Teachers and professors have always fretted about cheating. Now, artificial intelligence poses further challenges. AI can be a useful tool, but when it’s a substitute for genuine thought, it corrupts education.
It is important to prevent shortcuts to genuine thinking and learning. Cheating is wrong because it is dishonest. And it’s unfair to those who don’t do it. But the main problem is that the cheater has not learned anything.
Some discussions of this topic devolve into a cat-and-mouse game of detection and evasion. As teachers try to prevent unethical behavior, cheaters try to avoid getting caught. But this is not enough: Curiosity and wonder are not produced by obedient rule-following. The deeper problem is the general view of education as a mere means to some other end.
This instrumental view of education is typical in contemporary conversations about schools and universities, where folks talk about education in purely economic terms. This approach asks, what is the return on investment? Or, how does education contribute to economic growth?
Those are relevant questions. But the worth of education is not merely its cash value. More important is the way that education transmits culture and meaning. Education facilitates social and moral development. It leads young people to become decent adults and responsible citizens.
Education also directs our minds toward higher things, including the big questions of justice, beauty and truth. To be fully human is to learn to think critically about these perennial questions: What is good? What is beautiful? And what is true?
In wrestling with these questions, we also discover the power and joy of thought itself. Human beings have an innate desire to think and learn. We are curious beings, with brains that seek stimulation. We wonder about ourselves and the world around us. We explore and create. The love of learning makes us fully human.
An education that does not stimulate wonder is mere training — it may be fit for slaves and animals, but it’s not adequate to the nobility of the human spirit.
The sages of the world have noted that people are often as confused about the purpose of education as they are about the meaning of life. Business-minded folks think life is all about profit. Others focus on pleasure and amusement. But the sages suggest that the best life is spent cultivating the mind.
Aristotle celebrated “intellectual enjoyment in leisure.” An example he discusses is music: The music industry generates profits, and music can be pleasantly amusing. But the study of music leads to deeper things — music stimulates the mind and leads to fundamental questions about sound, ratio, creativity and the meaning of aesthetic experience.
The same expansive form of thinking occurs in the proper study of mathematics, literature, history, religion or science. These studies are useful for citizens and workers. But they are also valuable for their own sake, as sources of intellectual enjoyment.
And this is what cheaters and those who instrumentalize education misunderstand: The goal of education is education itself, not the outcome of a grade or a degree. Artificial intelligence is similarly confusing. Machines can quickly distill information. But the joy of thinking is only available to spiritual beings like ourselves.

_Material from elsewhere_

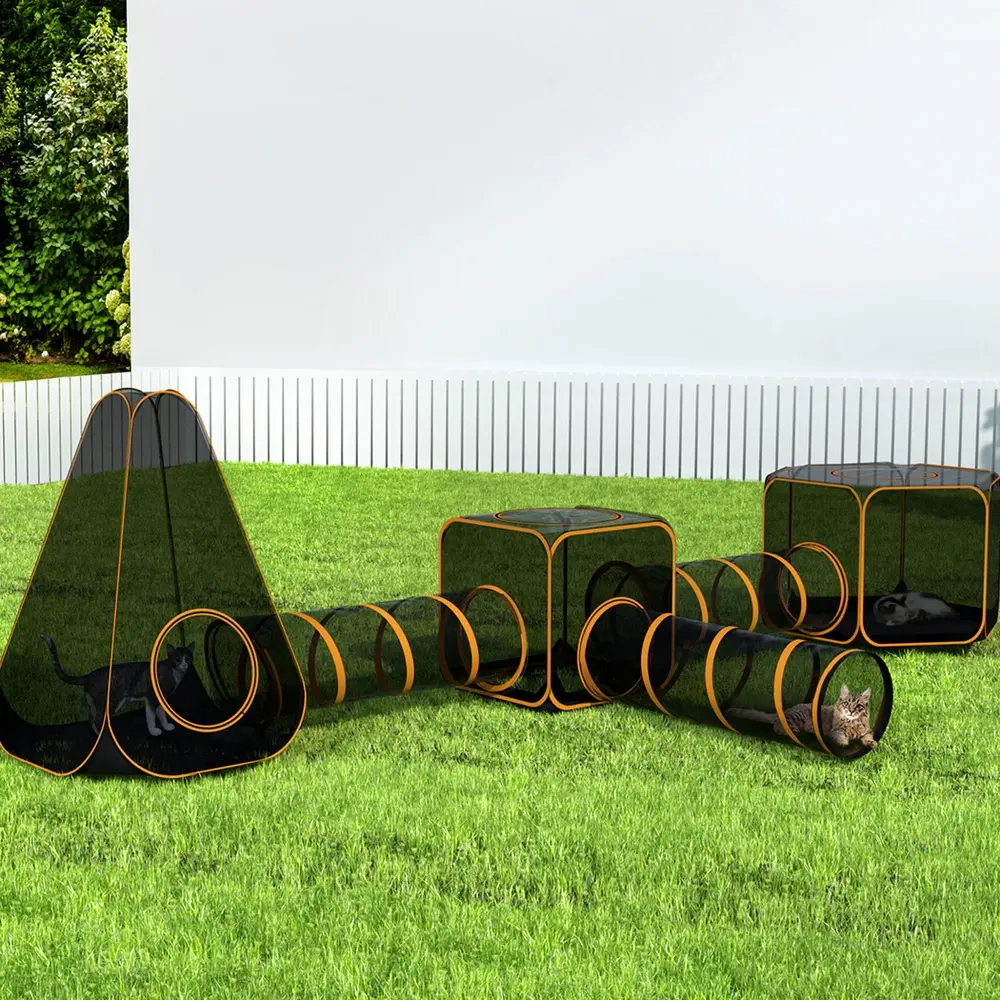 i.Pet Pet Playpen Cat House 6 IN 1 Tent Tunnel Dog Cage Puppy Rabbit Play Portable - Pets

Human beings are driven to learn by our innate curiosity, our passionate creativity and our sense of wonder.
As we return to classrooms this fall, let’s recall the intrinsic value of thinking. Authentic and humane education should stimulate the human spirit. One might suppose that education satisfies a desire for knowledge. But the love of learning is never satisfied. Curiosity is open-ended and insatiable. Education does not merely shed light, it also kindles a fire.
(Andrew Fiala is the interim department chair of California State University, Fresno’s Department of Philosophy.)